Vidrado - Um apeixonado!
- Jerusa Furbino
- 25 de jul.
- 2 min de leitura

Vidrado - Um apeixonado!
Crônica de Jerusa Furbino
Era pra ser só um almoço de domingo. Nada demais. A casa dos amigos era simples, eles também - gente boa, riso fácil. Um encontro leve: conhecer novas pessoas pra mim, rever velhos amigos pro meu namorado.
Logo que entrei, vi um aquário encostado na parede. Pequeno. Com um peixe grande lá dentro. Mas, sinceramente, não dei muita bola. Afinal, havia duas gatas esparramadas no sofá, um cachorro elétrico que parecia ter bebido café, e uma menina sorridente que surgiu com um periquito no ombro, me apresentando o bichinho como quem apresenta uma celebridade esquecida. O peixe ali era só mais um elemento no zoológico doméstico.
Enquanto os homens saíam para comprar cerveja e petiscos, eu fiquei com a esposa do amigo. Conversa boa, daquelas que fluem fácil: livros, trabalho, filhos, vida. A tarde escorreu preguiçosa, o almoço quase virou jantar.
Foi só quando me sentei para comer que as coisas começaram a sair do roteiro.
Poc. Um som seco no vidro. Olhei de lado. O peixe, o mesmo de antes, que até então parecia mais decorativo do que vivo, me encarava. Olhos redondos, fixos, atentos. Achei que fosse acaso. Voltei ao prato.
Poc. Outra cabeçada. Direta, decidida. Na minha direção.

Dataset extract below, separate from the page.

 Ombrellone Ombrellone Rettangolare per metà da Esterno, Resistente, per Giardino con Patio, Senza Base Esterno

Levantei. Ele me seguiu com os olhos. Sentei em outro lugar. Lá vinha ele nadando rápido, boquinha aberta. Parou bem na minha frente e... poc. Nova batida. Sem cerimônia, sem vergonha. Estava, claramente, me cantando.
Dali em diante, o almoço virou triângulo amoroso. Aonde eu ia, Thanos - sim, o nome dele é Thanos! - me seguia. Se eu ficava em pé, ele vigiava. Se eu me sentava, ele batia no vidro. Uma sedução silenciosa e aquática. Boquinha aberta, como quem quer me dar um beijo, ou me comer viva, difícil dizer. O olhar fixo, vidrado. Literalmente.

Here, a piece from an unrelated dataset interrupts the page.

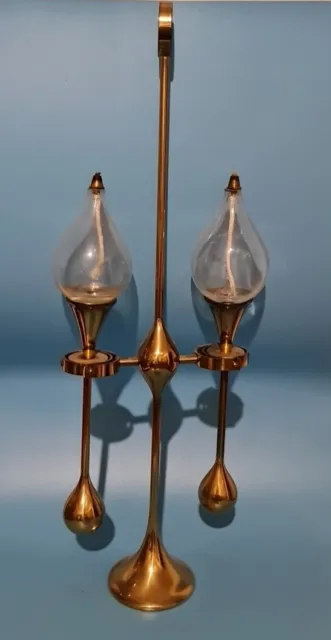 Freddie Andersen Öllampe Kerzenhalter Clear Drops Vintage Vollmessing mit Glas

Meu namorado, coitado, tentou manter a pose. Mas ali se instalava uma crise diplomática: ele, o oficial; Thanos, o insurgente.

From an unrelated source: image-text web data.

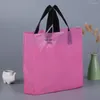 Gift Wrap 10pcs High Quality Solid Color PE Bags Plastic Shopping Clothing Package Party Supply 25x20cm 35x25cm Handle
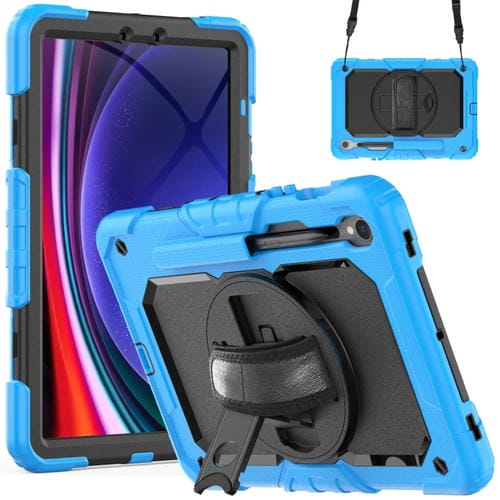 Funda para Samsung Galaxy Tab S9 y S9 FE Silicona y PC (Azul Claro y Negro)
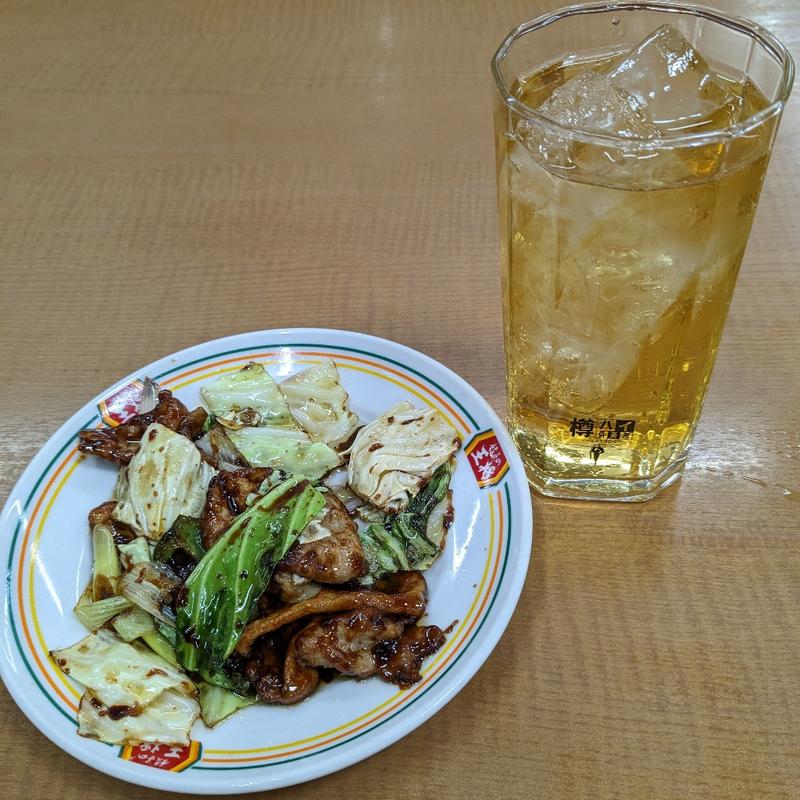 #ハイボール¥418#ジャストサイズ回鍋肉¥337(餃子の王将)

- Daqui a pouco esse peixe quebra o vidro e te morde, disse, tentando parecer brincalhão. Mas eu senti a tensão. A rivalidade. Era oficial: ele agora tinha um concorrente. A tensão estava no ar. No ar e na água.
Todos riram. Disseram que o peixe nunca tinha agido dessa maneira com ninguém, que eu teria que levar o aquário para o peixe não sofrer de amor.
Até hoje me pergunto o que aconteceu. Foi meu shampoo? Meu signo? Um carisma especial detectável por peixes carnívoros? Nunca saberei. Só sei que aquele peixe, naquele aquário minúsculo, me encontrou.
E eu encontrei uma história impossível de contar sem parecer doida. Mas real. Intensamente real. Com direito a olhos esbugalhados e batidas apaixonadas no vidro.
Desde então, meu namorado me olha torto toda vez que passo por um aquário.
E eu? Eu só rio.
Afinal, não é todo dia que você vira o amor platônico de um peixe chamado Thanos.